Govender's clarity in the face of former President Thabo Mbeki’s HIV/Aids denialism during her tenure as an MP is widely respected. Author and journalist Mark Gevisser explained in 2007 how, “Only one elected ANC representative, Pregs Govender, the chair of a parliamentary committee on the status of women, resigned and publicly criticised Mbeki. And even behind closed doors only one or two people actually had the courage to tell Mbeki they thought he was wrong.”

==South African Human Rights Commission (SAHRC) and Independent Consultancies==
In 2007, Govender was elected Chair of the Independent Panel Assessment of Parliament, which proposed stronger oversight and electoral reform. As Commissioner for the South African Human Rights Commission and as its Deputy Chair (2009-2015), Govender drove implementation of SAHRC findings at local and provincial level. She secured a country-wide status report and action plan from the Presidency on water and sanitation. This is still widely used by organisations and the media to monitor government implementation and raise awareness of corporate accountability for water pollution, wastage and theft.

Govender works as an independent writer and consultant. She wrote the concept note and facilitated the South African Parliament's first Africa-wide conference on gender and economics. For the Inter-Parliamentary Union’s first global conference on HIV and AIDS, Govender wrote a concept paper on the role of MPs in ensuring affordable medicine. She facilitated the International Feminist University Network's Curriculum Workshop on Feminism and Globalisation. She has conducted local and international workshops on using the power of love and courage to be insubordinate to injustice, including teaching practical skills in relation to gender budgets and policy.

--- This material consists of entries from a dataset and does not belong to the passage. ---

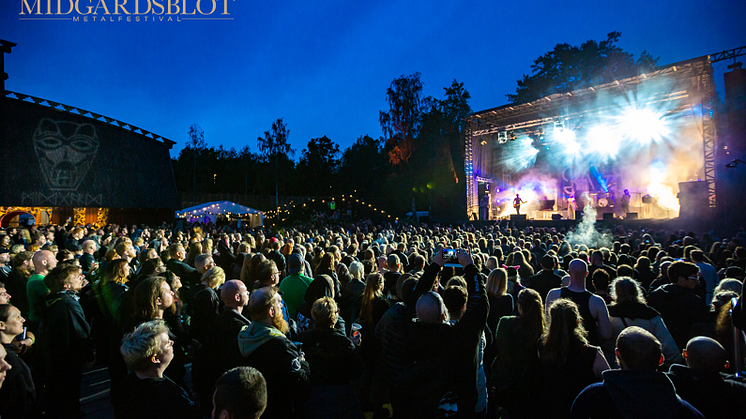 Midgardsblot i Horten trekker publikummere fra hele verden som ønsker gode konsertopplevelser og å lære mer om norsk vikinghistorie. Foto: Roy Bjørge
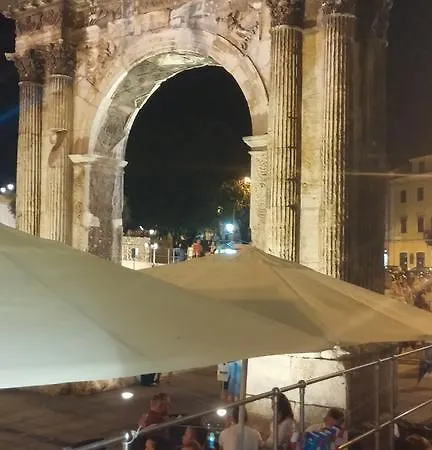 アパート Arco Arina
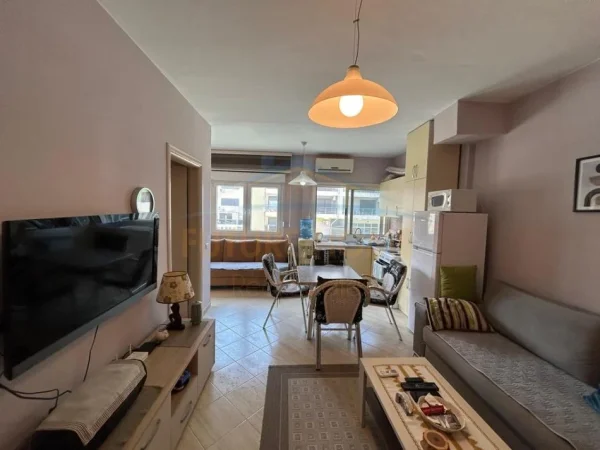 Qerret, shitet apartament 1+1 Kati 2, 58 m² 150.000 € (Kavaje)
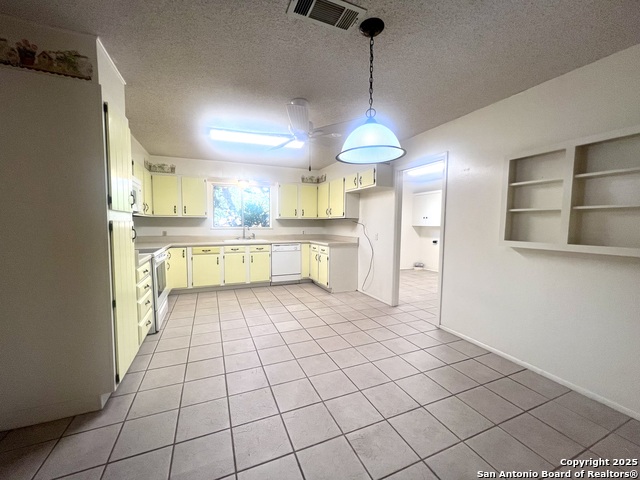 7 Sunrise, Pleasanton, Texas image 8
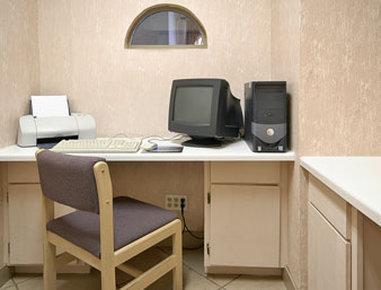 Hotel Surestay By Western Airport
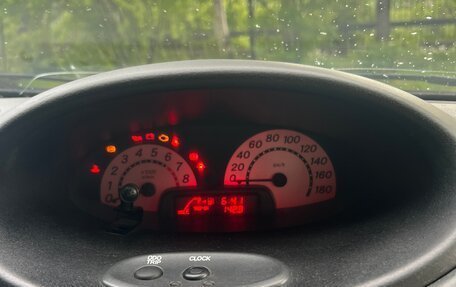 Toyota Vitz, 2002 год, 550 000 рублей, 13 фотография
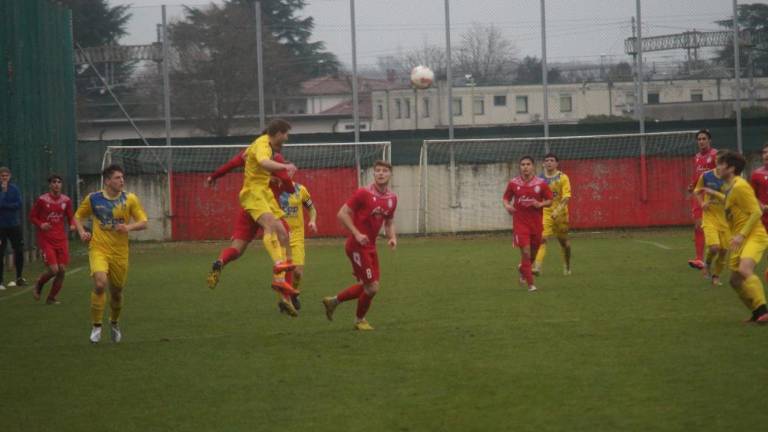 Derbi brez zmagovalca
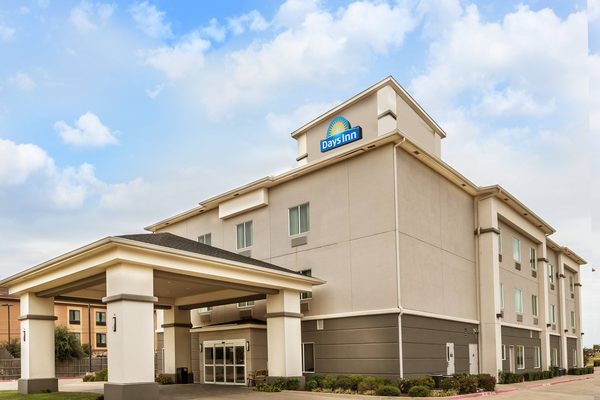 Days Inn Suites by Wyndham Mineral Wells — Property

==Awards and recognition==
Govender's voluntary contributions include being patron of Gun-free SA and previously on the global Panel on Human Dignity. Her awards include the Ashoka Fellowship, an honorary doctorate in Law and one in Philosophy, the inaugural Ruth First fellowship for courageous writing and activism, the Thousand Currents Artist in Residence, and the International Association for Women's Rights in Development (AWID) Inspiration Award for her “initiative, leadership, and unrelenting commitment [that] have made a significant impact in advancing gender equality and social justice around the world”.

==Publications==
Govender has written over 300 speeches, media articles, reports and book chapters in local and international publications. Jacana Media published her political memoir, Love and Courage, A Story of Insubordination, in 2007, with a second edition in 2016, which included a new introduction by Govender. Govender has written op-eds for a variety of top South African news publications, including the Mail & Guardian, the Sunday Times and Daily Maverick. Govender has written book chapters in several books, including Singing in the Dark Times, In the Balance: South Africans debate reconciliation, Democracy in the Time of Mbeki, The Virus, Vitamins and Vegetables: The SA HIV/AIDS Mystery and Towards a New Partnership with Africa. She has been profiled in Women Leading Africa, Life and Soul: Portraits of Women Who Move South Africa and Voice, Power and Soul: Portraits of African Feminists. Govender has written forewords to several books, including the SA Women's Budget Initiative's Women's Budget Books and the afterword to Beyond States and Markets: The challenges of social reproduction.